Reproduce precisely the lines of the listing below, starting with the line that contains "mass-like lesion also is detected at" and stopping after the line that contains "pitbull.png?resize=412,275 - Un"; include nothing else.
======== SUPPLIED ENTRIES
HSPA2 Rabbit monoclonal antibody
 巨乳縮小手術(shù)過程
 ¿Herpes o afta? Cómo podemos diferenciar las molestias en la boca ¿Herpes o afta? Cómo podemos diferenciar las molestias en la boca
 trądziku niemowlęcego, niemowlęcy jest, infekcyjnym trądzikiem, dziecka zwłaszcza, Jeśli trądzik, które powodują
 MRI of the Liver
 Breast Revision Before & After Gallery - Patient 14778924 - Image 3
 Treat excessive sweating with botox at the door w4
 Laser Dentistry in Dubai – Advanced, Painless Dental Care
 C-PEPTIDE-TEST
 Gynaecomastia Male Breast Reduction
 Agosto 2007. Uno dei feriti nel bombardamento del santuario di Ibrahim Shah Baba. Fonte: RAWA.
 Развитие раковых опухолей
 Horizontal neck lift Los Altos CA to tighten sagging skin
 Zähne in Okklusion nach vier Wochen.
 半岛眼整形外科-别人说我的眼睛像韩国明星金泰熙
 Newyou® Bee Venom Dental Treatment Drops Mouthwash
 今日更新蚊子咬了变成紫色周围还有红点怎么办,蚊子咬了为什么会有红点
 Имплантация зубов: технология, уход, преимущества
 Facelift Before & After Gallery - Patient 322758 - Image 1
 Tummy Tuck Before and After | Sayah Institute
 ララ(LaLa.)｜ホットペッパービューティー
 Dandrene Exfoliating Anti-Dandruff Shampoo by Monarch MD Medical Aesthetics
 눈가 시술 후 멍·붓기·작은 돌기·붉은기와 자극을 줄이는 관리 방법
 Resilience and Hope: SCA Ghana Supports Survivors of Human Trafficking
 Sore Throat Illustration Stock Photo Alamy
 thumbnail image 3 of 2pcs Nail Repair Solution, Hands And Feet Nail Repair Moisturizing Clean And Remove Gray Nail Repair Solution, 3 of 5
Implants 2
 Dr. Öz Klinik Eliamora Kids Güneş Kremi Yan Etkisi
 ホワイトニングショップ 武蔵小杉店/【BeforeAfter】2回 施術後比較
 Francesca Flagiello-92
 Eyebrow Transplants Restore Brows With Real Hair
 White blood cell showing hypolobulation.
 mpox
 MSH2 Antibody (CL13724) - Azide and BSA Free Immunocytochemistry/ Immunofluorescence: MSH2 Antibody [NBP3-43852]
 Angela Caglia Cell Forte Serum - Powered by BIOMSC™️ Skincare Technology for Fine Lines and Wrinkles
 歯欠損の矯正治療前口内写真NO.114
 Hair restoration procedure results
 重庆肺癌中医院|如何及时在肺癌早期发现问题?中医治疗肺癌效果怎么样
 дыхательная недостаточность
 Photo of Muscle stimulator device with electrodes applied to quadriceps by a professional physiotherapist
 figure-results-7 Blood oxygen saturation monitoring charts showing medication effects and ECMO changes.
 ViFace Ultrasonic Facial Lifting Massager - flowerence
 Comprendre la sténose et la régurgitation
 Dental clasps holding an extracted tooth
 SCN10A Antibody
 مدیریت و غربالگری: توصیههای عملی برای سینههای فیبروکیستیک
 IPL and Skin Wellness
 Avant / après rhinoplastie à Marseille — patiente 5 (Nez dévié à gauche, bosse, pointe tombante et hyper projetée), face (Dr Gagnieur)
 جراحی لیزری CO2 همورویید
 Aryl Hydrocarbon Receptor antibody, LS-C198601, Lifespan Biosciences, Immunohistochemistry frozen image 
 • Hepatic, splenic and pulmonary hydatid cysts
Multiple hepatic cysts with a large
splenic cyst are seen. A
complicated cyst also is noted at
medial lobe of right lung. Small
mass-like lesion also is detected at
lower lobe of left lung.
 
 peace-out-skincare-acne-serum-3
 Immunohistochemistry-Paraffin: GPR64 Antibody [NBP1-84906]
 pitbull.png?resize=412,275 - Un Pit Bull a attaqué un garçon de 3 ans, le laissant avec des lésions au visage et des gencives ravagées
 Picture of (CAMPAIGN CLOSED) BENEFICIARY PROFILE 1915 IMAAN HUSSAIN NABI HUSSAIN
================
**THE ANSWER:**
mass-like lesion also is detected at
lower lobe of left lung.
 
 peace-out-skincare-acne-serum-3
 Immunohistochemistry-Paraffin: GPR64 Antibody [NBP1-84906]
 pitbull.png?resize=412,275 - Un Pit Bull a attaqué un garçon de 3 ans, le laissant avec des lésions au visage et des gencives ravagées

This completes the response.